Those using Shelley as a bludgeon for political reasons are doing her work and those who came before a disservice and are actively whitewashing history--a history, I might add that was crystal clear from all the way back in 1977. Even fandom understood this.

This fairy tale tradition is what later writers such as Jules Verne were pulling from when they wrote their scientific adventures. He did not wake up and decide to write stories about scientific speculation without prompting. His work was a modernized take on a marchen romance. This was the standard for many years.

Eventually writers attempted to swap out the Gothic influence with Science worship, and the genres began to stray from their roots. Lundwall even considers The Night Land by William Hope Hodgson from 1912 as the last Marchen romance and Lord Dunsany's work as an attempt to revive it. I assume this is when the style began to morph into the weird tale where fantasy and horror still clung together before D&D and Lovecraft-worship pried them apart years later with a little help from the failed magazine Unknown leading the charge.
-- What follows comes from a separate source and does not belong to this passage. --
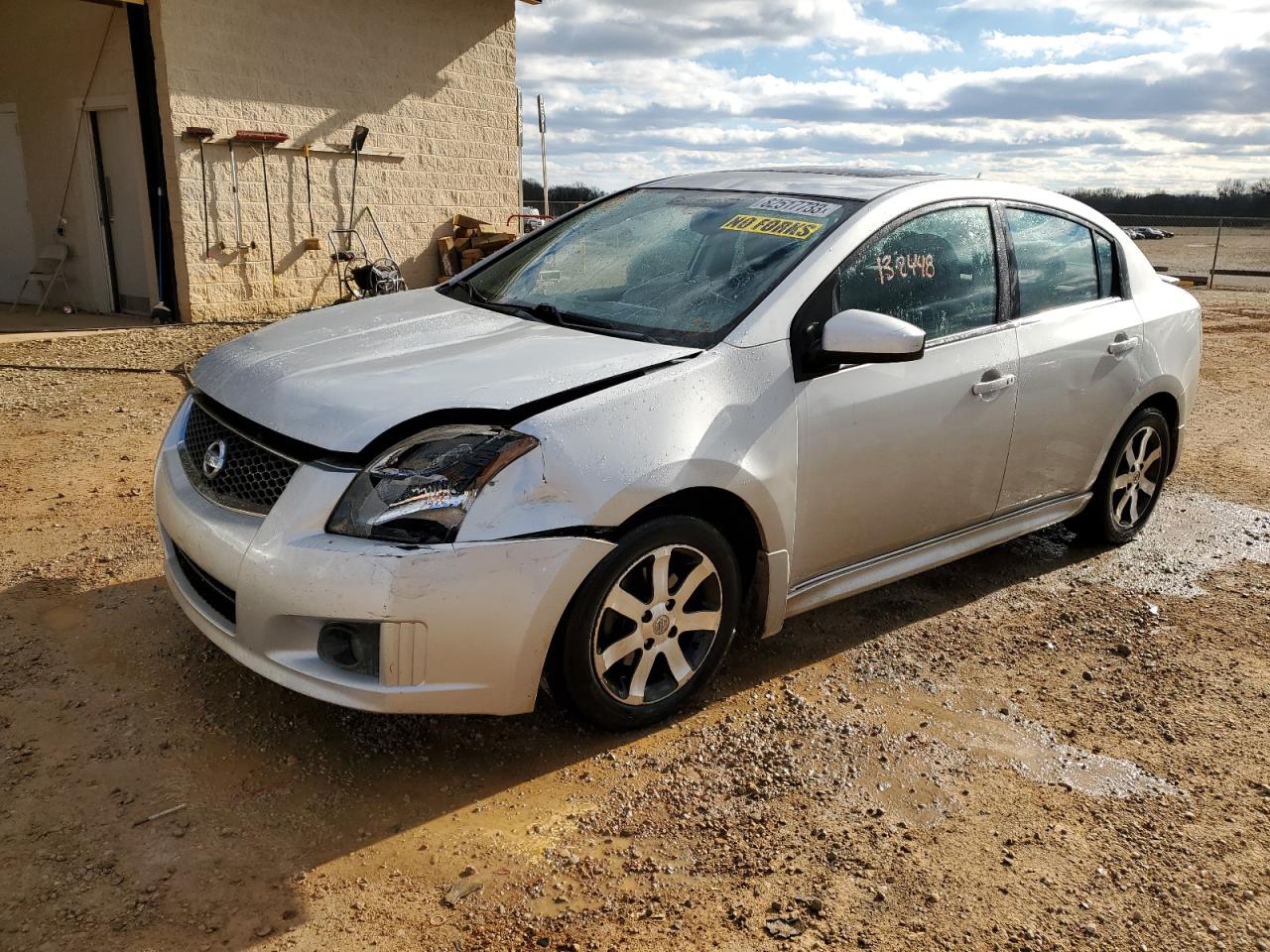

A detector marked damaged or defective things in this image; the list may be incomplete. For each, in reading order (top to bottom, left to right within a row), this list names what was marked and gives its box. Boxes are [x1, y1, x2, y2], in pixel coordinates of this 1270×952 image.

dented hood [188, 287, 696, 454]
broken headlight [324, 423, 538, 542]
But I'm getting off track. The point is that all genre fiction comes from the same place. It is clear to anyone paying attention. They were only pulled apart by fetishists who hyper-focused one aspect to the exclusion of the others. This is how we are left without Chesterton's fence as a signpost and a score of writers absolutely lost at sea and without a clue as to how to proceed without aping those who tore down the fence to begin with. It was forcibly pulled apart long ago.

And I'm still drifting. Back to science fiction.

Editors had been trying to make the genre label stick for decades until Hugo Gernsback pushed it into regular use in the 1920s with Amazing Stories. Considering his reputation I can only imagine how he managed that.


However, the problem with defining and pruning science fiction to exclude essentially everything it came from has left it with the issue of being unable to have an agreed upon definition. Lundwall himself posts several different opinions from 1851 up to the 1970s when the book came out. Over a century without defined terms. If it takes you that long to define your genre then you must not know what the point of it is to begin with.

There is one definition I want to post from 1973, because it is very revealing as to the type of people who made this separation such an obsessive goal to begin with. This is by Bulgarian writer Elka Konstantiova:
"Even though the origins of science fiction go back to the mid-19th century, nonetheless as a new literary genre, charged with special social functions, science fiction is the undoubted product of the nuclear age. The more meaningful the scientific and technological breakthroughs and their impact on modern life, the greater the role of science fiction, stimulating our vision for things to come, especially in the aspect of the changes wrought in man's mentality by the scientific and technological revolution. Science fiction brings home the awareness that the future will continue to bring radical changes in all areas of man's life; science fiction is there to prepare him for this eventuality."
In other words, it's secular scripture. Science fiction is a way to guide the populace by informing them on what path they should take to build a better tomorrow. Which better tomorrow, you might ask? Well, the one that will advance humanity as a whole.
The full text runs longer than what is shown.